10.4 Token estimation errors cause overflow

If the estimator undercounts, the prompt may still exceed provider limits.

Safeguards:

conservative estimates;
model-specific context caps;
provider tokenizers where available;
lower ceilings for uncertain providers;
reserved overhead for tool schemas and response buffers.

10.5 Transcript mutation breaks continuity

The most serious failure is calling something a sliding window while deleting or rewriting history.

Safeguard:

The authoritative transcript must remain append-only.

If history is destroyed, the system no longer has MindStone-style continuity.

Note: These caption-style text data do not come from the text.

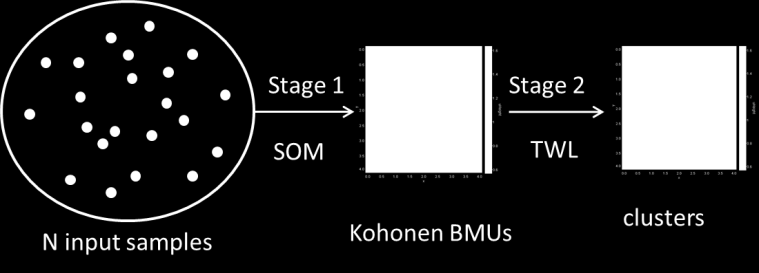 Figura 29 Clustering a doppio stadio, basato sul pre-clustering con SOM seguita dal metodo Umat-CC 5.4.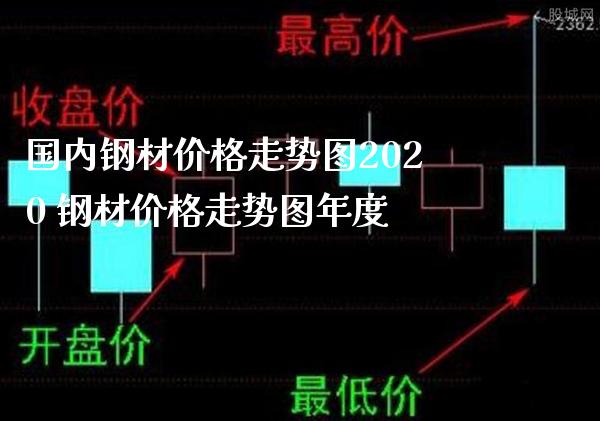 国内钢材价格走势图2020 钢材价格走势图年度_原油期货_第1张_期货投资网 国内钢材价格走势图2020 钢材价格走势图年度_https://www.cqckcrrc.com_原油期货_第1张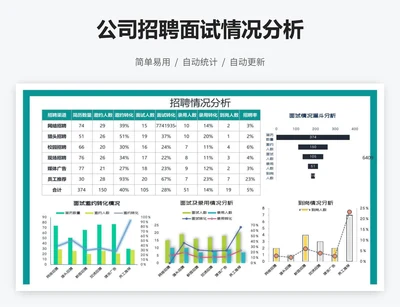 公司招聘面试情况分析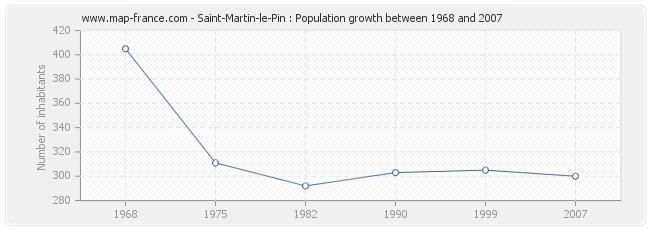 Population Saint-Martin-le-Pin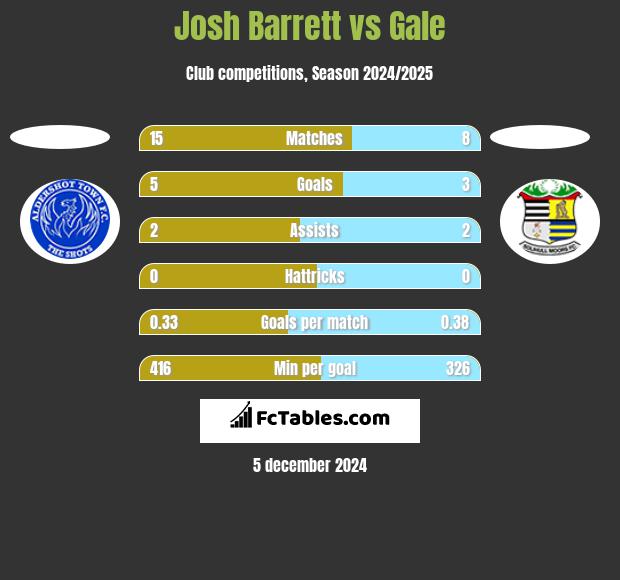 Josh Barrett vs Gale h2h player stats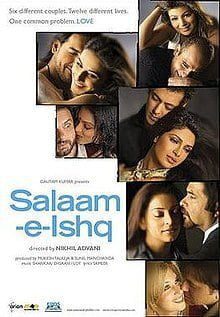 Salaam-E-Ishq Box Office Collection India Overseas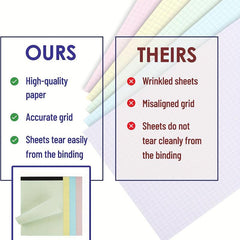 Graph Paper Pad 28 X 20 4 Pastel Colors 50 Sheets Grid Paper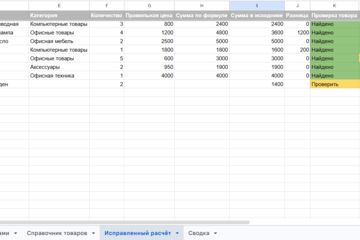 Исправление формул и расчётов в Excel / Google Sheets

It has prompt trimming.

11. Operational guidance

Use sliding window when

the agent owns prompt assembly;
the transcript is preserved independently;
recall is available;
long-running continuity matters;
summary drift would be risky;
multiple surfaces need one shared continuity substrate.

Use compaction or handoff when

the harness controls compaction;
the agent cannot manage the live prompt directly;
a context reset is unavoidable;
a future agent state needs a compact operational bridge;
emergency continuity is more important than perfect context texture.

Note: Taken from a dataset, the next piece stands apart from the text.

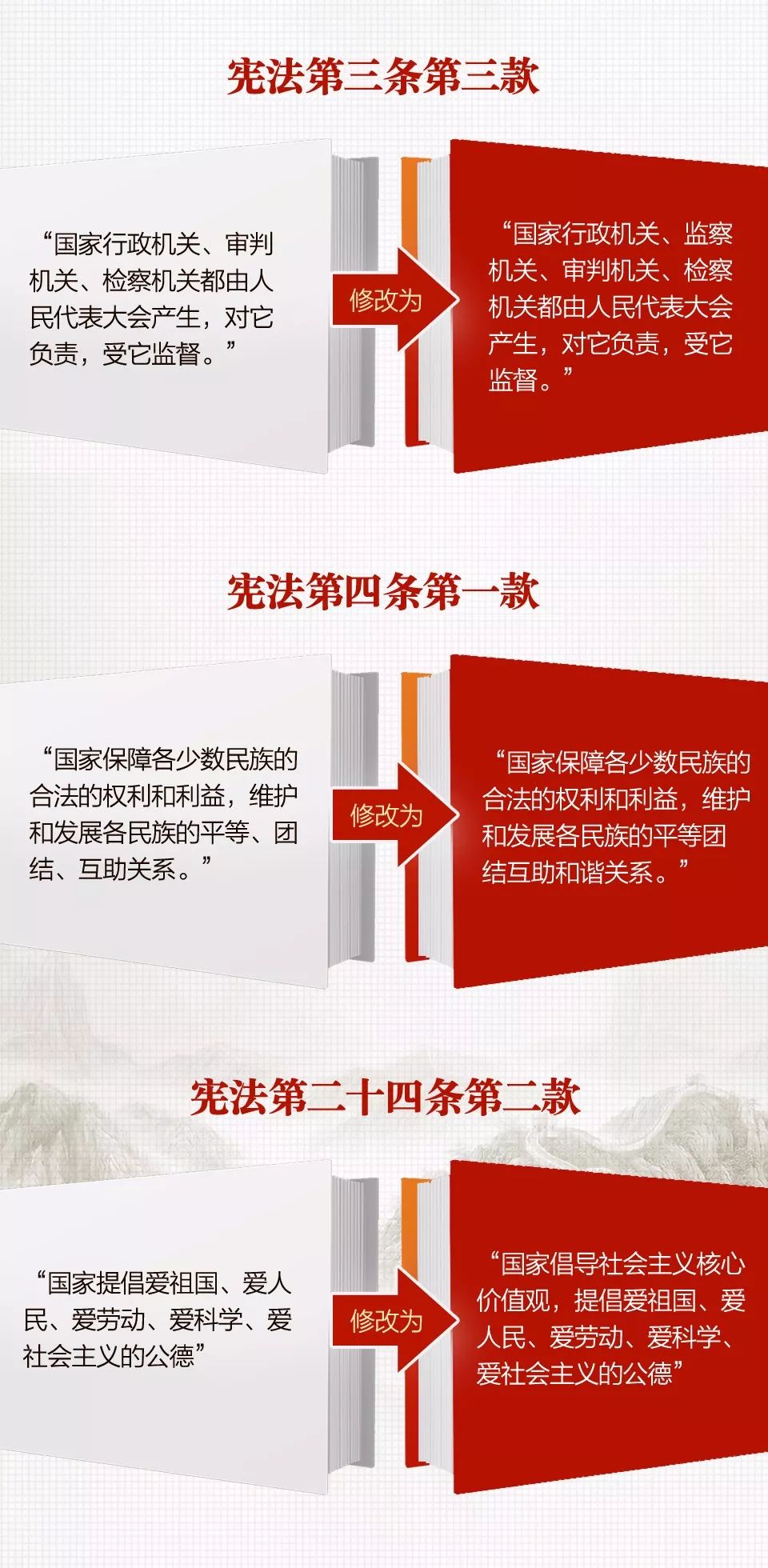导读| 《中华人民共和国宪法修正案》(图3)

Do not use sliding window as an excuse to skip memory

Sliding-window pruning answers:

What can leave the live prompt now?

It does not answer:

What should the agent remember permanently?

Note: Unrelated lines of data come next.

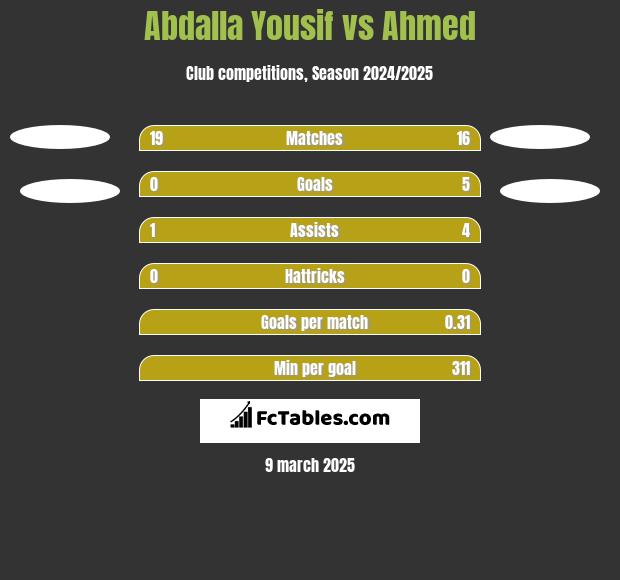 Abdalla Yousif vs Ahmed h2h player stats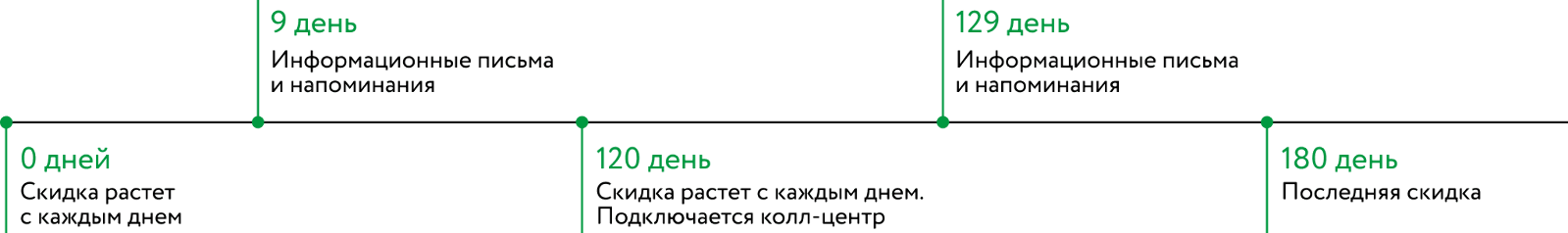 Картинка Картинка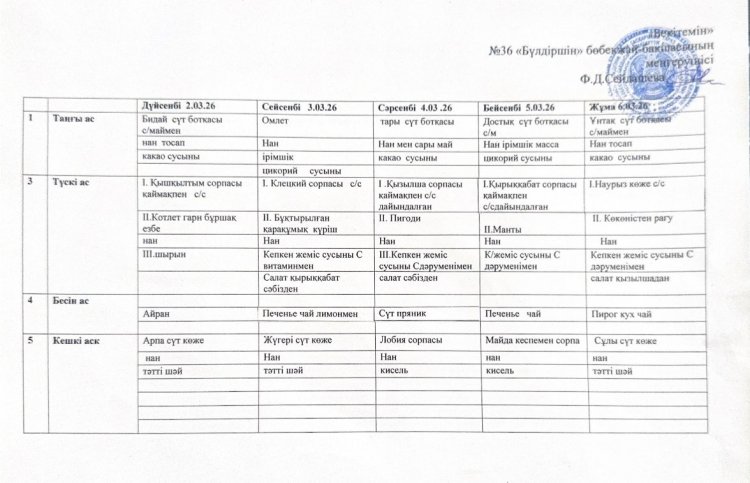 10 күнге арналған болжамдық ас мәзірі (Наурыз)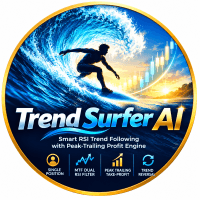 Trend Surfer AI Returns MT4 Conservative Strategy Tester result, 15.84% simulated ROI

That is the job of structured memory and consolidation.

Do not use compaction summaries as authoritative history

A compaction summary is a recovery aid. It is not the transcript.

If a summary conflicts with the transcript, the transcript wins.

12. Evaluation checklist

A sliding-window implementation should be tested against at least these questions.

Context pressure

Does pruning trigger at the configured ceiling?
Does it prune toward the configured floor?
Does it avoid constant micro-pruning?
Does it leave enough response headroom?

Transcript preservation

Are transcript entries unchanged after pruning?
Are pruned prompt entries still present in durable history?
Can the transcript be re-indexed after pruning?

Recall recovery

Can an important early correction leave the prompt and later return through recall?
Does recall preserve source pointers?
Are recall injections bounded and auditable?

Tool coherence

Are in-flight tool results protected?
Are older tool results pruned only with their surrounding exchange?
Are assistant messages not left referring to missing local tool context?

Multi-surface continuity

Do CLI, TUI, Gateway, WebChat, and API calls converge on one canonical transcript?
Does prompt pruning avoid channel-specific history forks?

Compaction comparison

Run the same long session under compaction and sliding-window modes.

Compare:

factual retention;
source traceability;
user correction retention;
hallucinated continuity;
ability to explain why the agent believes something.

13. Conclusion

Sliding-window context management is a practical answer to a basic constraint: the model’s prompt is finite, but a persistent agent’s operational history is not.

MindStone’s approach is to stop treating the prompt as the memory system. The prompt is only the current working set. The transcript is the historical record. Structured memory is curated. Recall is selective. Handoff is a continuity bridge. Consolidation is where experience becomes durable.

Sliding-window pruning keeps the live prompt bounded without converting old context into a lossy summary. It works because older material is still preserved, indexed, recallable, and available for later review.

That is the key difference from compaction-first designs:

Compaction compresses history into a summary.
Sliding window preserves history and bounds the working set.

For persistent agents, that distinction matters. It lets the system manage context pressure without historical amnesia.

Short version

Sliding-window context management is MindStone’s preferred live-context policy when it owns the session and prompt assembly.

It works like this:

keep the transcript append-only
build a bounded live prompt
prune oldest eligible prompt entries under pressure
preserve and index what leaves
use recall to bring back what matters
use consolidation to turn durable experience into memory

It is not a memory system by itself. It is the live-context layer that lets memory, recall, handoff, and consolidation work without confusing the temporary prompt with the agent’s actual history.